5G30.20 - Paramagnetism of Liquid Oxygen

Code Number:
Demo Title:
Paramagnetism of Liquid Oxygen
Magnetic Orientations
Area of Study:
Electricity & Magnetism
Liquid Nitrogen, Liquid Oxygen Generator (copper funnel), Small 200 ml Dewar, Adjustable Neodymium Magnet, Tongs, Liquid oxygen slides.

NOTE: This takes at least 4 liters of liquid nitrogen to do well.  At least a 24 hr. advance notice is required.

Pour liquid nitrogen into the small Dewar to cool it down.  When completely cool, pour the liquid nitrogen into the copper funnel and place the small Dewar under the funnel to catch the liquid oxygen that runs off of the outside.  It will take at least 20 min to generate enough liquid oxygen for the demonstration.  The Neodymium magnet also has to be cooled by placing in liquid nitrogen.   When the magnet is cool and when enough oxygen has been generated pour the liquid oxygen into the magnet and it should bridge the gap between the poles.  The magnet should stay cool for up to 10 minutes before it needs to be cooled again.

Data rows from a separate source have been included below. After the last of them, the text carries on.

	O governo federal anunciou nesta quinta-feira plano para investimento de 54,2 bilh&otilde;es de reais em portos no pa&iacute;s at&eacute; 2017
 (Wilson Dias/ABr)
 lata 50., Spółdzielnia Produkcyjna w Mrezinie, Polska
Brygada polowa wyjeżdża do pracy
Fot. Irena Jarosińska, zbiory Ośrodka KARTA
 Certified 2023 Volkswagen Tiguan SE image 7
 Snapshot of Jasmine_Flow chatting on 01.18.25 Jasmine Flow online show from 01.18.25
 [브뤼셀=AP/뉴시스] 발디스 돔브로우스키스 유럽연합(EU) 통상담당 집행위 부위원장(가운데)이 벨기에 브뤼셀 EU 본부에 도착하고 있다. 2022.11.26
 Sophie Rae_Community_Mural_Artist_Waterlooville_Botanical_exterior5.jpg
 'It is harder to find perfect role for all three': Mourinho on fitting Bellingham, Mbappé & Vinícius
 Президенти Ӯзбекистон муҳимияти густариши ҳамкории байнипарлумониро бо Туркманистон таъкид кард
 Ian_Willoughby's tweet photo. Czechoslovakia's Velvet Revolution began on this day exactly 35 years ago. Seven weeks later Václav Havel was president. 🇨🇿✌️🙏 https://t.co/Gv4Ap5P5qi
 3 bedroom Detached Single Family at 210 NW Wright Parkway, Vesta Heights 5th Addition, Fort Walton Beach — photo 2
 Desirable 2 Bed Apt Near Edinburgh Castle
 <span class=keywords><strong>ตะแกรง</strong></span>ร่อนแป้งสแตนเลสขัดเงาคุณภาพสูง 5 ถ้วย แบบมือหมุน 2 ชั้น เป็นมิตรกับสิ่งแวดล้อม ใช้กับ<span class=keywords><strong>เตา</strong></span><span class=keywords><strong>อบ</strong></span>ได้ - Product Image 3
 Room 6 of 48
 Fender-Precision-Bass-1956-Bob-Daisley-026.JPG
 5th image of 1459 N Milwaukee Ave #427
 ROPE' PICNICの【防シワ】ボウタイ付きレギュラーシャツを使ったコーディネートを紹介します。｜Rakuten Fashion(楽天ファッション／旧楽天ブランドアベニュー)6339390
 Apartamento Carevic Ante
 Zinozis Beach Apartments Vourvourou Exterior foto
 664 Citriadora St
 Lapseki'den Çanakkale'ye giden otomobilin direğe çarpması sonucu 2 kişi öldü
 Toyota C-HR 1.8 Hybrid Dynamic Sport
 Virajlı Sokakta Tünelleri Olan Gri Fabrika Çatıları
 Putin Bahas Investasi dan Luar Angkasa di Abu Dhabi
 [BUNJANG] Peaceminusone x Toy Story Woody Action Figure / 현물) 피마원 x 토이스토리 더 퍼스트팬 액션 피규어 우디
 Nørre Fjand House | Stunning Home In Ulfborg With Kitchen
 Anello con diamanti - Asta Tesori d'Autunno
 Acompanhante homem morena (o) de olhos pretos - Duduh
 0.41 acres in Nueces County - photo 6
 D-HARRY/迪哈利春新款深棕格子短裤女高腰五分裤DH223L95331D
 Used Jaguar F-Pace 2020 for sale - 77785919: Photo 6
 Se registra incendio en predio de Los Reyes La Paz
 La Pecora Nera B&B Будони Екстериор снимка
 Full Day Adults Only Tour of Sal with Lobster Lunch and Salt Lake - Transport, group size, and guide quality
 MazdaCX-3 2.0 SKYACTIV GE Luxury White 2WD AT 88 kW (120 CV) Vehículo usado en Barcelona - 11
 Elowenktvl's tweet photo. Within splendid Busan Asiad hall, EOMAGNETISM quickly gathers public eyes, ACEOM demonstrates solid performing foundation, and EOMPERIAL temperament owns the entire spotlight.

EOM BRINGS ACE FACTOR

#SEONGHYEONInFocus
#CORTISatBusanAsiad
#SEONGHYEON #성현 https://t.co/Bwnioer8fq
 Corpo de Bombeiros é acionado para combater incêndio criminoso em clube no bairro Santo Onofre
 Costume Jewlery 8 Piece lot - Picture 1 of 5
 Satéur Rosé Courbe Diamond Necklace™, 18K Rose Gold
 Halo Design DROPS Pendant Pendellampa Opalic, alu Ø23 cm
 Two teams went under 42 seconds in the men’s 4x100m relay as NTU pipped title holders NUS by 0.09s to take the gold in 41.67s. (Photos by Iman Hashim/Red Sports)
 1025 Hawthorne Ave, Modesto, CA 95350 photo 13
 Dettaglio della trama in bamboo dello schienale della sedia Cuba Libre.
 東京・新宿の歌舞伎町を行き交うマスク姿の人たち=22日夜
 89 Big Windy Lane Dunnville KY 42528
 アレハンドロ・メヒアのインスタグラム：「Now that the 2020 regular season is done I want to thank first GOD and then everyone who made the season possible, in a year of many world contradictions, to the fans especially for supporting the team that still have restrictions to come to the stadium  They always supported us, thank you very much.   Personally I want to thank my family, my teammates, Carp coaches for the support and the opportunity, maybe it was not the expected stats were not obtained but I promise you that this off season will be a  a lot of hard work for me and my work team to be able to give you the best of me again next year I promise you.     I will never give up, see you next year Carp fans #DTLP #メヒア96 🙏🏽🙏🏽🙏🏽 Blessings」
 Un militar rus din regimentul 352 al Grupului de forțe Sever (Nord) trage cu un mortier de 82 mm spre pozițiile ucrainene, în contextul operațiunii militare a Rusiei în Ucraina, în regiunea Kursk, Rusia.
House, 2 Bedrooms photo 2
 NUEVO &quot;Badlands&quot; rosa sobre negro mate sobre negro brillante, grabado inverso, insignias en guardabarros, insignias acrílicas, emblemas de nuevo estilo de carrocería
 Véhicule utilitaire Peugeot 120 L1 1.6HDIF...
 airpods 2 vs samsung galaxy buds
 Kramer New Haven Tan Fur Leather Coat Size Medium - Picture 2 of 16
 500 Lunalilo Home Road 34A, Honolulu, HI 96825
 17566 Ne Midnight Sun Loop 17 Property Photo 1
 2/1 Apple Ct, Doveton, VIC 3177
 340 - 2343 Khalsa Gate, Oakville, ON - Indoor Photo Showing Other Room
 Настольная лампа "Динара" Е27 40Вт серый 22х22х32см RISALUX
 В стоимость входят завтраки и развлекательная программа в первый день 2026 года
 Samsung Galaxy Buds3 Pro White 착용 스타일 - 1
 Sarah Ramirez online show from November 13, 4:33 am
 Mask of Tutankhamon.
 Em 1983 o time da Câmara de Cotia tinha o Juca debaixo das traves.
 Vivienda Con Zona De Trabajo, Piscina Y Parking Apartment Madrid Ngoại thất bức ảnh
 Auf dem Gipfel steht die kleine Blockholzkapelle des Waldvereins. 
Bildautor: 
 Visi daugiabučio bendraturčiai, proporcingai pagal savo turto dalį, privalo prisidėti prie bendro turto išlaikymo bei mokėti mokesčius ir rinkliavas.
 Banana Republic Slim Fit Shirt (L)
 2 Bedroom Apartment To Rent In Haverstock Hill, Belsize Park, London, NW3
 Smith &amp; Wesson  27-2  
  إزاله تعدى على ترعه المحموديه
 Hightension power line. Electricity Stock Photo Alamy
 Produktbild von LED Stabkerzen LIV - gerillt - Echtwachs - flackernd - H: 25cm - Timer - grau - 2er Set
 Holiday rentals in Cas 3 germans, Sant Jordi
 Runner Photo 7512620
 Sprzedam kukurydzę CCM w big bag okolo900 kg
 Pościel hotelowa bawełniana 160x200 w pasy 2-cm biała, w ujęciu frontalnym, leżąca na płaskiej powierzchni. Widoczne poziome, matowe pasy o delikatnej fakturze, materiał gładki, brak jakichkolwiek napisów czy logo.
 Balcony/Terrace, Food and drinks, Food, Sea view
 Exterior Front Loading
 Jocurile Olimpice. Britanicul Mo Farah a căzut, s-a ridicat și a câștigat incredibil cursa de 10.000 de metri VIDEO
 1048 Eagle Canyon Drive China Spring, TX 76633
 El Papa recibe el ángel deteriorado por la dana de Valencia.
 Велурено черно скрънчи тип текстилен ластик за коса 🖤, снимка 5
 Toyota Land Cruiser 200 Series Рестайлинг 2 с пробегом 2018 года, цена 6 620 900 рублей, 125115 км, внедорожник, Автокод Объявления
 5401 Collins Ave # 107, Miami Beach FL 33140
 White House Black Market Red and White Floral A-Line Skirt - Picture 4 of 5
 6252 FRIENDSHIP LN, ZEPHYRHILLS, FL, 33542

NOTE: After about 20 minutes a white film or powder (CO2??) will appear to coat the funnel.  This hinders the amount of oxygen that is produced unless it is wiped off periodically.

About 250 ml of liquid oxygen can be generated per hour.

The boiling temperature of liquid oxygen is -182.97 degrees C., or 90.19 degrees K. ( -297 degrees F.).

If time does not allow for cooling the magnet just place the magnet under the Liquid Oxygen Generator funnel as you are producing the liquid oxygen.

The slides of the liquid oxygen are in the Electricity & Magnetism Slide Notebook in room 58.

A fun variation is to use an electromagnet instead of a permanent magnet for this demonstration.  Since you can't cool the whole electromagnet, it will take a bit more liquid oxygen to do.  Set the pole pieces fairly close together and turn on the electromagnet.   Pour the liquid oxygen onto the pole pieces and observe it bridging the gap just as with the permanent magnet demonstration described above.  Now turn off the electromagnet and observe that the liquid oxygen falls out from between the poles.

An interesting variation on the regular superconductor demo ( 5G50.50) is to cool the superconductor and then force the magnet onto the surface of the pellet.  The liquid across the top of the pellet is liquid oxygen and you should be able to make a liquid oxygen bridge between the magnet and the pellet if you lift the magnet carefully.  As long as the pellet is cooled to liquid nitrogen temperatures, the liquid oxygen bridge should be self perpetuating.

  • Ray Simmonds, Karsten Browning, Andy Rinker, Terry Gastouniotis, Donald Ion, "Demonstrating Paramagnetism Using Liquid Nitrogen", TPT, Vol. 32, # 6, Sept. 1994, p. 374.
  • Henry H. Kolm, "Does the Earth's Field Concentrate Oxygen?", TPT, Vol. 23, # 4, Apr. 1985, p. 236 - 237.
  • H-230:  "Saucer Rain - Produce LHG",  DICK and RAE Physics Demo Notebook.
  • D. Wood, V. Greener, D. P. Hampshire, "Oxygen Drips Upwards from Superconductors", Nature, Vol. 415, Feb. 2002, p. 860.
  • tap-l conversations, Genecon - Charge a Cap and a Coil, 9-25-2018.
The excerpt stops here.